When the world coffee industry was purchasing from Central American countries that processed their coffee wet, washed coffee was popular.
Because single origin coffee is rarely or never used in the commercial coffee market for espresso, the average espresso drinker is unlikely to have developed the ability to discriminate between washed and natural coffees, let alone understand and appreciate their differences.
Only the advent of speciality coffees and the movement of baristas and coffee lovers (the third wave of coffee) allowed baristas, roasters, and coffee lovers to express their own taste preferences between the more complex aromas of washed coffees and the full-bodied sweetness of natural coffees for filter and espresso extractions, and as a result, baristas, roasters, and coffee lovers were able to express their own taste tendencies between the more complex aromas of washed coffees and the
Natural coffees are less fresh and complex than washed coffees, but they are more immediate because to their obvious sweetness and body, making them ideal for espresso. They are also more popular in the speciality world. Natural coffees are full-bodied and lower in acidity, making them easier to approach even for the most inexperienced palates.

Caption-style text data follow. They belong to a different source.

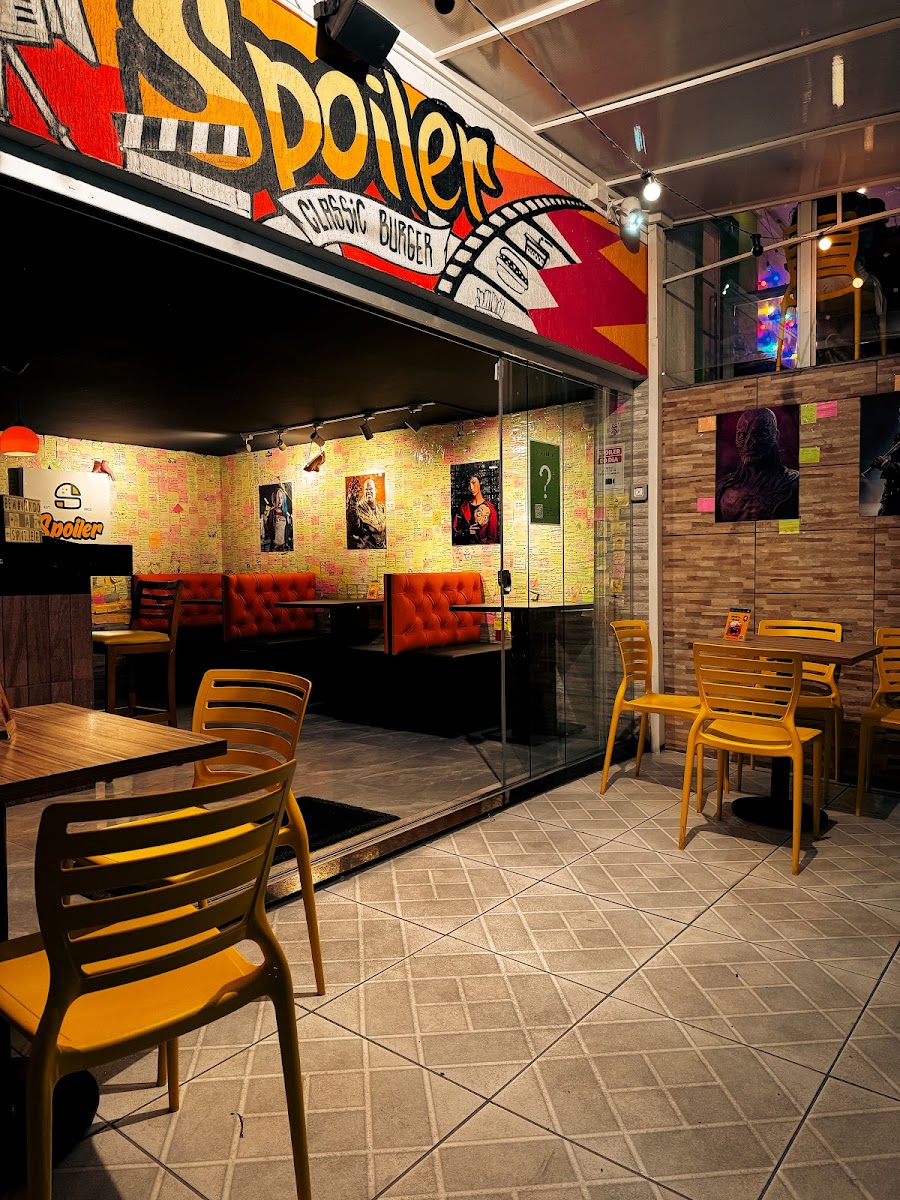 Spoiler Classic Burger
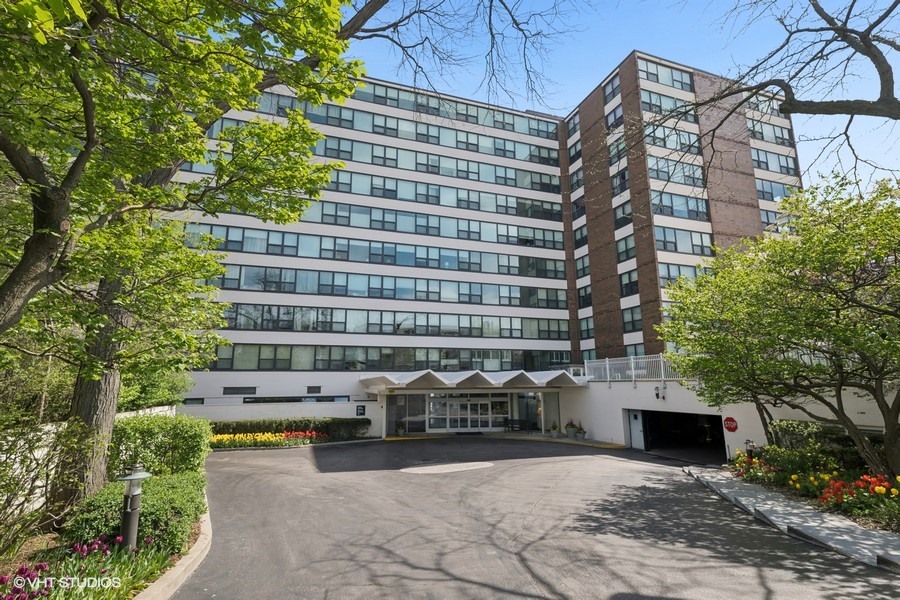1616 Sheridan Road Unit: 8G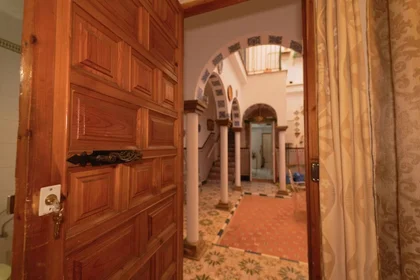 Chambre privée à Calle Lucena, Rochelambert, image 4 de 10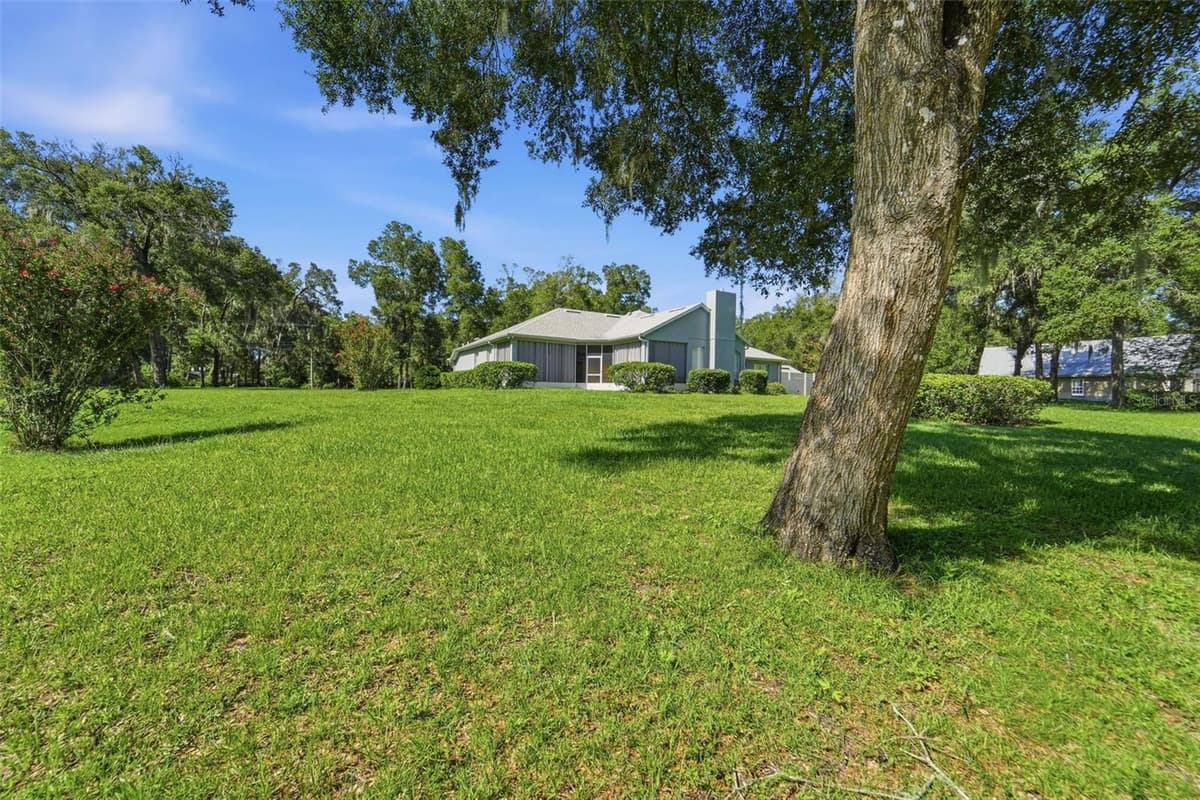 2111 SUN VALLEY LANE — photo 45 of 51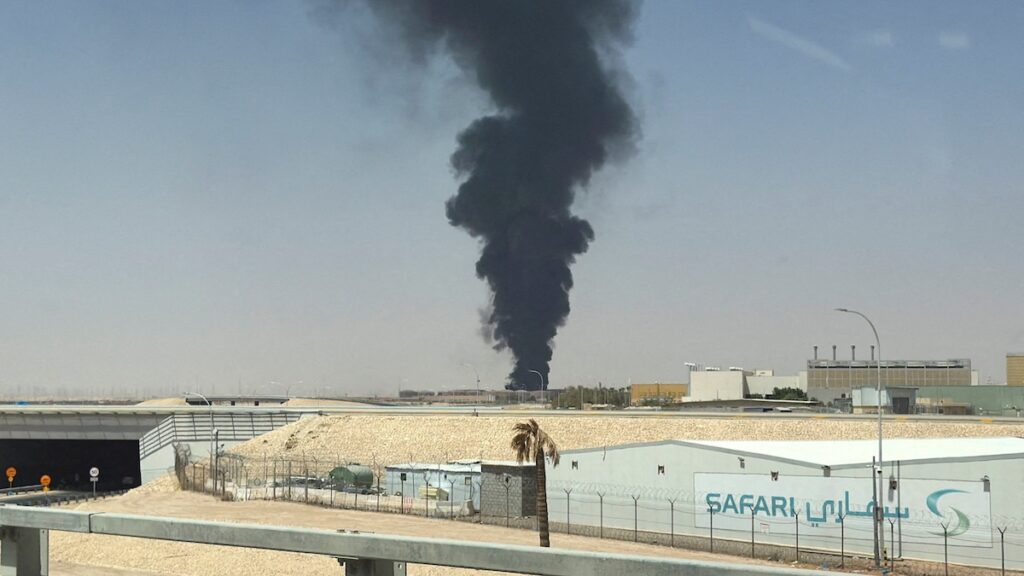 Colonna di fumo nero vicino all’aeroporto di Riyad, Arabia Saudita, allerta revocata dopo possibile pericolo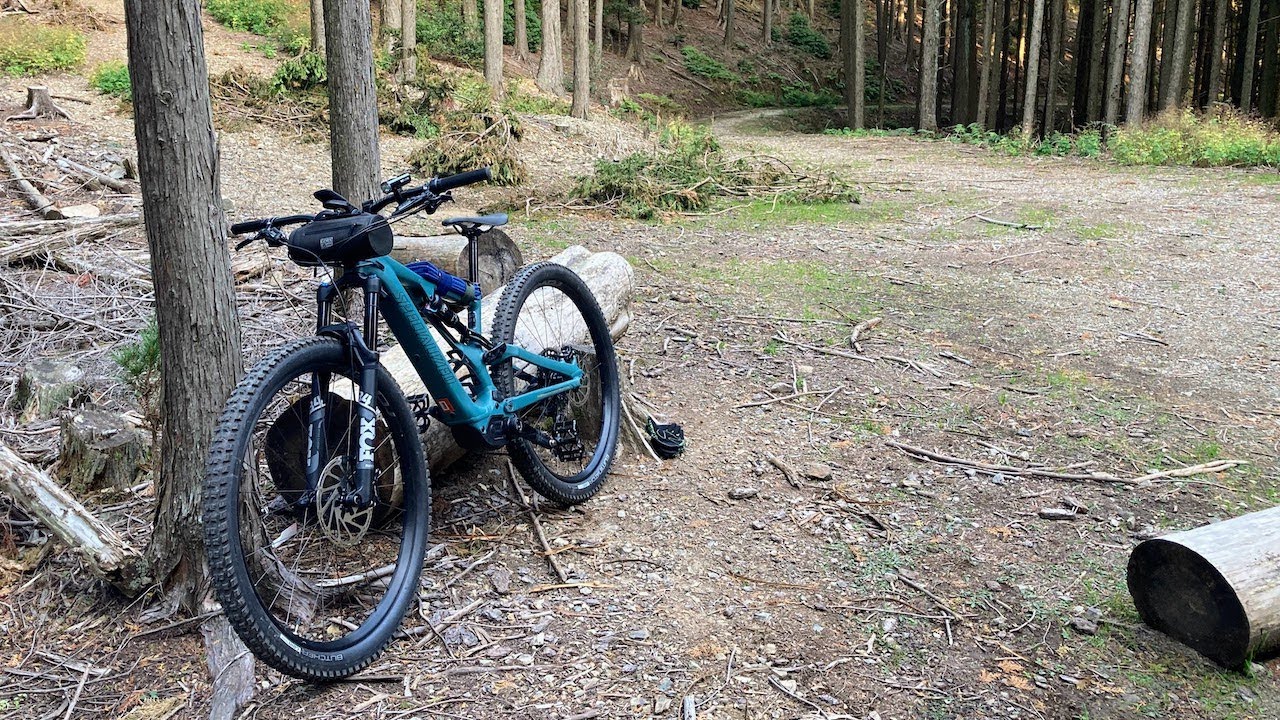 大阪府豊能町 天台山 e-MTBでトレイルライド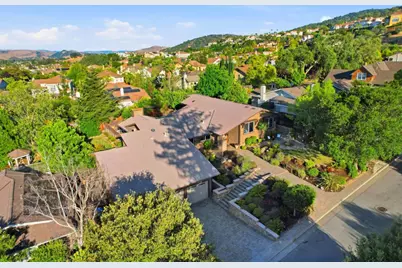 7142 Echo Ridge Dr, San Jose, CA 95120 - Photo 46
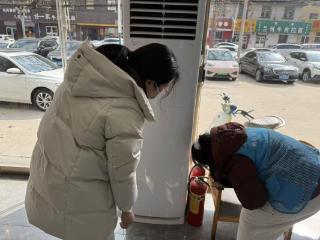 济南市莱芜区凤城街道东方红社区：排查火患守平安 护航沿街保安全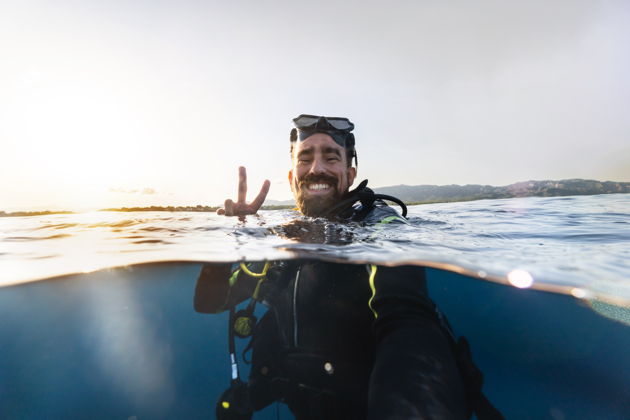 Главное изображение экскурсии - Дайвинг, дельфины, пляж и барбекю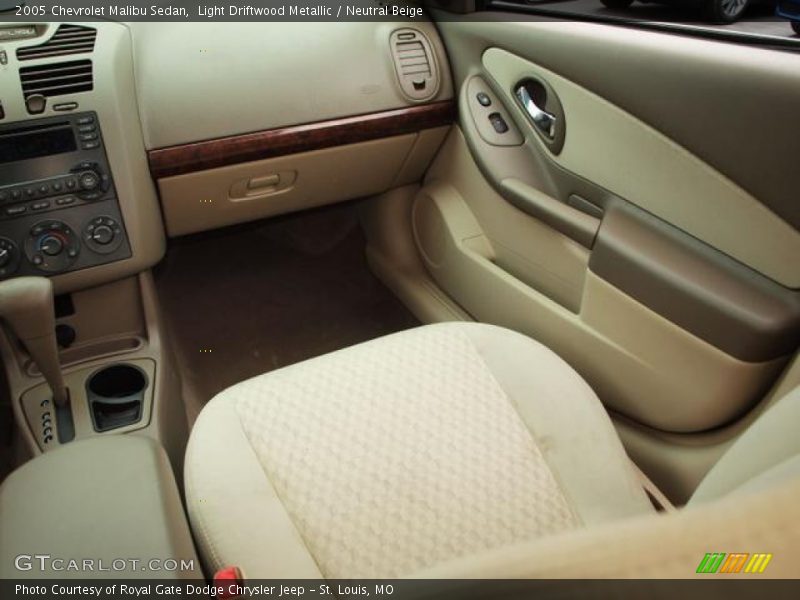 Light Driftwood Metallic / Neutral Beige 2005 Chevrolet Malibu Sedan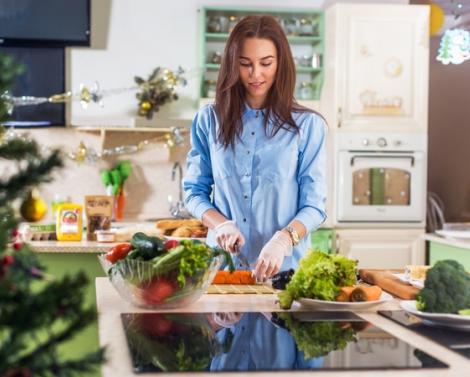 В 4 раза меньше калорий: диетолог поделилась ПП-рецептом селедки под шубой
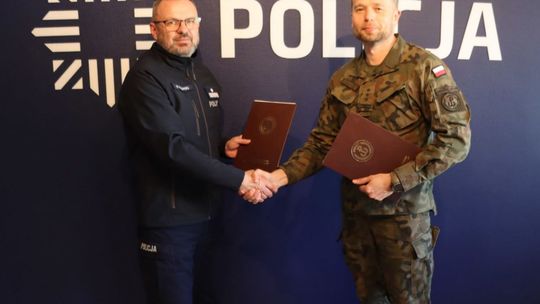 Jest porozumienie - dokument podpisali mazowieccy policjanci i terytorialsi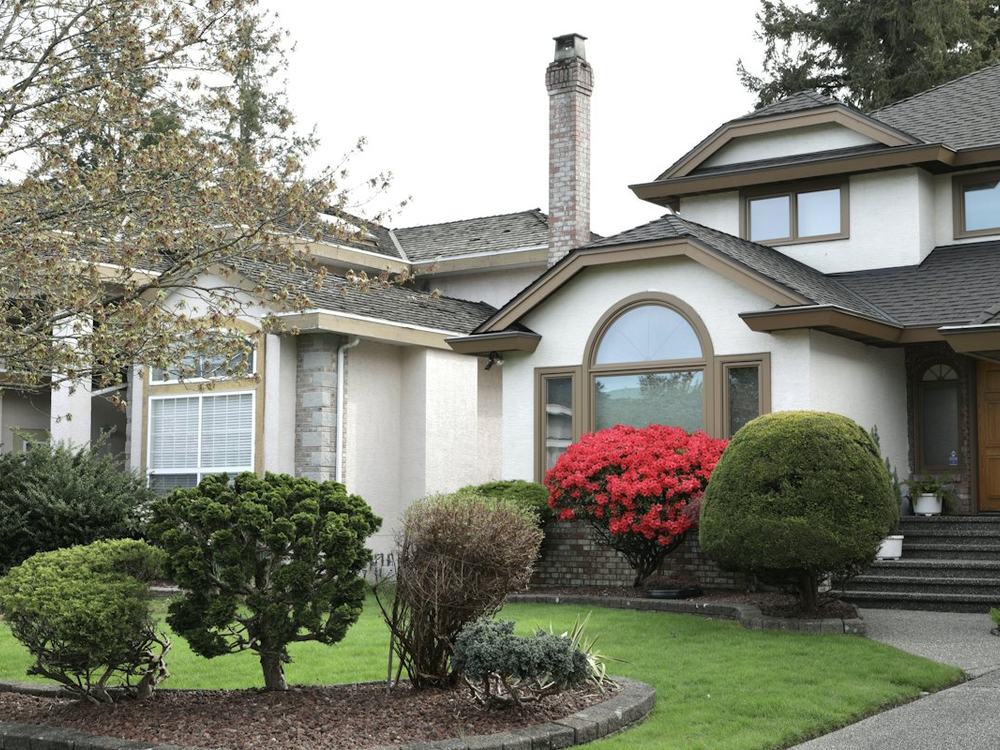 Formal front entry, Horn Lake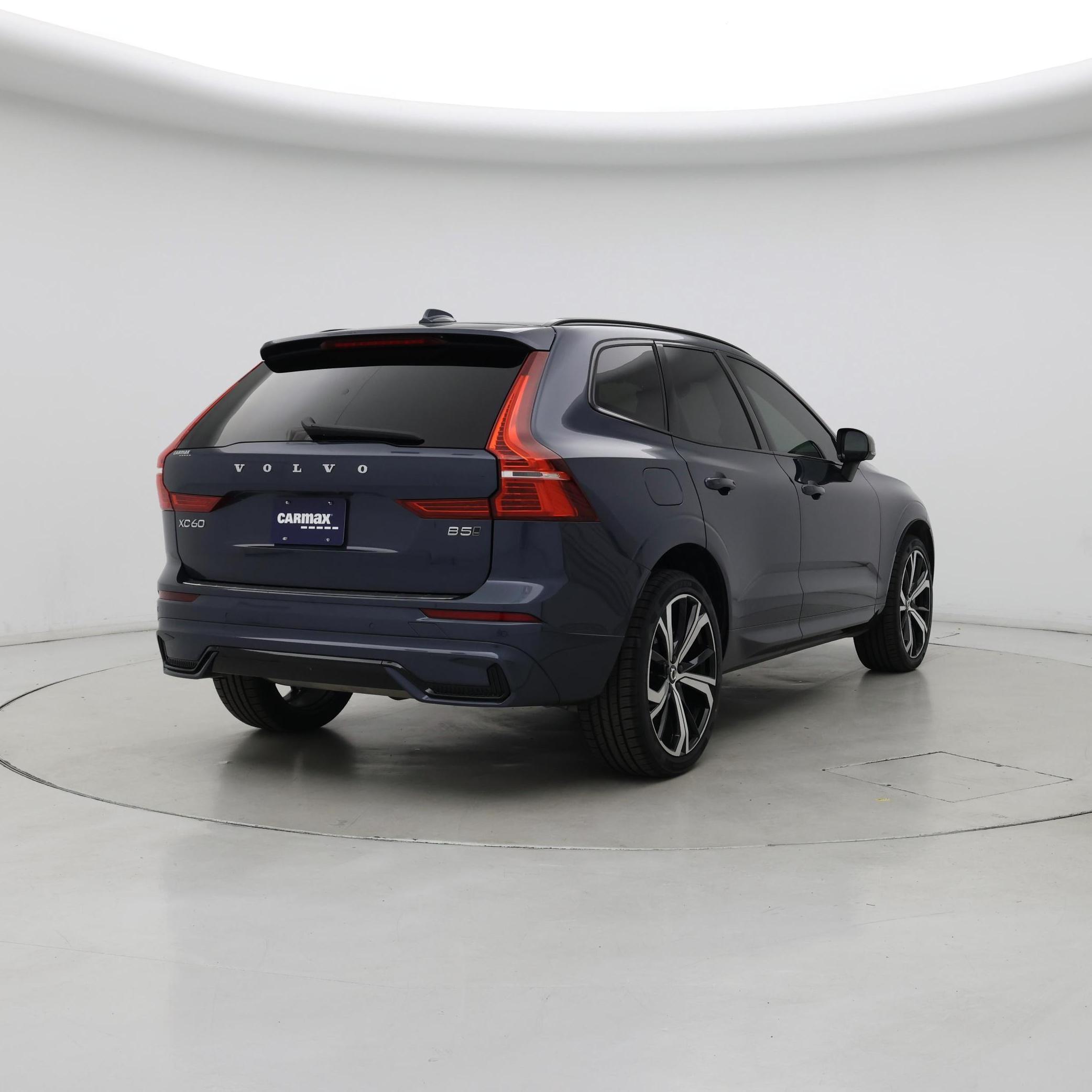 Thumbnail: 2022 Volvo XC60 - 8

However, the botanical variety (cultivar), altitude, cultivation in shade or sun, the ripening degree of the cherries picked, and hence the chemical makeup of the cherry, all have a role in determining the sensory profile of a cup.
Aside from the most frequent wet and dry systems, as well as the less prevalent honey process, an intriguing phenomenon is the fermentation design, which, as we all know, began with wine and has since spread throughout the food industry, including speciality coffee.
It is possible to create very complex and frequently unique cups by adjusting and managing time and temperature under partial or almost entire absence of oxygen, and in some cases, by adding yeasts or bacteria, as in carbonic maceration.